In the following questions a statement of assertion (A) is followed by a statement of reason ( R).
A : In the case of ground to ground projection of a projectile from ground the angle of projection with horizontal is `theta =30^(@)` . There is no point on its path such that instantaneous velocity is normal to the initial velocity .
R : Maximum deviation of the projectile is `2theta = 60^(@)` .
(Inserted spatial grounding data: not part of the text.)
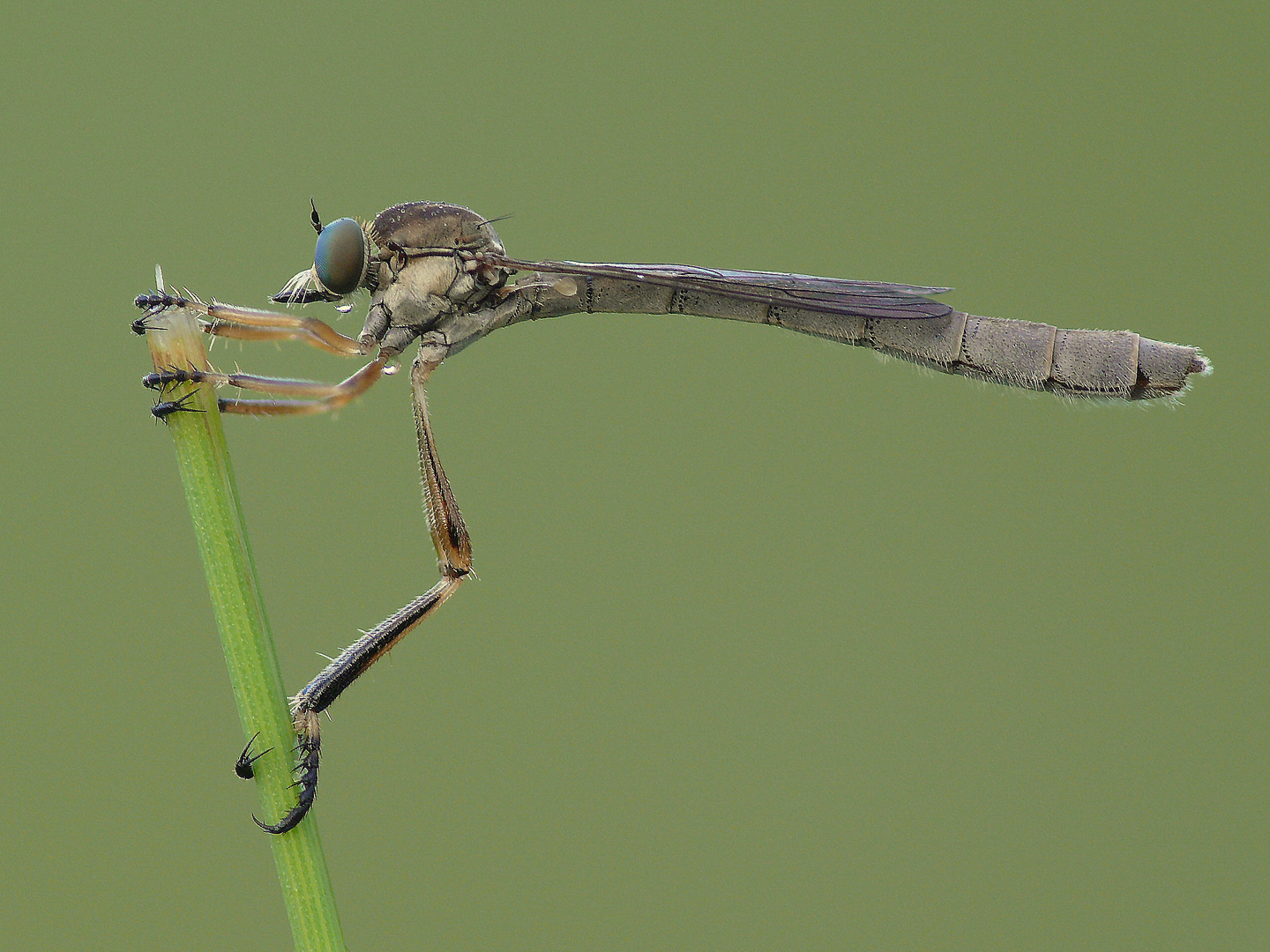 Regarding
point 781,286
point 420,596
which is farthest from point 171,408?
point 781,286

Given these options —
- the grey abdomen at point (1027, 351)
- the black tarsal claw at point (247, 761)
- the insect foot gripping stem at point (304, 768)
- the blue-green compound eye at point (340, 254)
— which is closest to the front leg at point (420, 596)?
the insect foot gripping stem at point (304, 768)

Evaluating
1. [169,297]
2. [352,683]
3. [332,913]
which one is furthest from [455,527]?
[332,913]

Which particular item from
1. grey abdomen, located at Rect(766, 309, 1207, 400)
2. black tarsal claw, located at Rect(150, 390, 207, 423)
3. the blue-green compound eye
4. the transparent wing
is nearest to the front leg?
the blue-green compound eye

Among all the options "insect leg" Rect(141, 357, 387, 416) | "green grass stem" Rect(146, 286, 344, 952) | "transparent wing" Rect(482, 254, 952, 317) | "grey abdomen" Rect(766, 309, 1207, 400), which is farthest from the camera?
"grey abdomen" Rect(766, 309, 1207, 400)

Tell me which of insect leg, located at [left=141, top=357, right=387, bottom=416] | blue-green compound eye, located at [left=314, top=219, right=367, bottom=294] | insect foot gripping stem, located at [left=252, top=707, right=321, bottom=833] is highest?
blue-green compound eye, located at [left=314, top=219, right=367, bottom=294]

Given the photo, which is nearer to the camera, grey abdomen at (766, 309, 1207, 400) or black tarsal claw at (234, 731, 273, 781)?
black tarsal claw at (234, 731, 273, 781)

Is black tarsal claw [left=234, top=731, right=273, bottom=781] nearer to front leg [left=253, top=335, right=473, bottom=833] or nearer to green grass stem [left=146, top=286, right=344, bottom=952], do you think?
green grass stem [left=146, top=286, right=344, bottom=952]

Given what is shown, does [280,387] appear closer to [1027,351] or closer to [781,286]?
[781,286]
To solve the problem, we need to analyze both the assertion (A) and the reason (R) provided in the question regarding projectile motion. ### Step-by-Step Solution: 1. **Understanding the Assertion (A)**: - The assertion states that for a projectile launched from the ground at an angle of \( \theta = 30^\circ \), there is no point in its trajectory where the instantaneous velocity is normal (perpendicular) to the initial velocity. - In projectile motion, the initial velocity can be broken down into horizontal and vertical components. The initial velocity \( V_0 \) at \( 30^\circ \) can be expressed as: \[ V_{0x} = V_0 \cos(30^\circ) \] \[ V_{0y} = V_0 \sin(30^\circ) \] 2. **Analyzing the Trajectory**: - As the projectile moves, its vertical component of velocity decreases until it reaches the maximum height and then increases again as it falls back down. - At maximum height, the vertical velocity becomes zero, and the projectile only has horizontal velocity. The angle of the velocity vector changes throughout the flight but never becomes \( 60^\circ \) with respect to the initial velocity. 3. **Determining the Angle of Instantaneous Velocity**: - The angle of the instantaneous velocity with respect to the horizontal changes continuously. At launch, it is \( 30^\circ \), and as it rises, it decreases until it reaches \( 0^\circ \) at the peak. After that, it increases back to \( 30^\circ \) when it hits the ground. - Therefore, the angle of \( 60^\circ \) (which is \( 2 \times 30^\circ \)) is never achieved during the flight. 4. **Understanding the Reason (R)**: - The reason states that the maximum deviation of the projectile is \( 2\theta = 60^\circ \). - This is true in the context of the angle of projection. The maximum deviation refers to the angle between the initial velocity vector and the final velocity vector just before it hits the ground, which indeed is \( 60^\circ \). 5. **Conclusion**: - Both the assertion (A) and the reason (R) are true. The reason correctly explains the assertion, as the maximum deviation of the projectile's angle is indeed \( 60^\circ \), but at no point does the instantaneous velocity become normal to the initial velocity. ### Final Answer: - **Assertion (A)**: True - **Reason (R)**: True - The reason is a correct explanation for the assertion.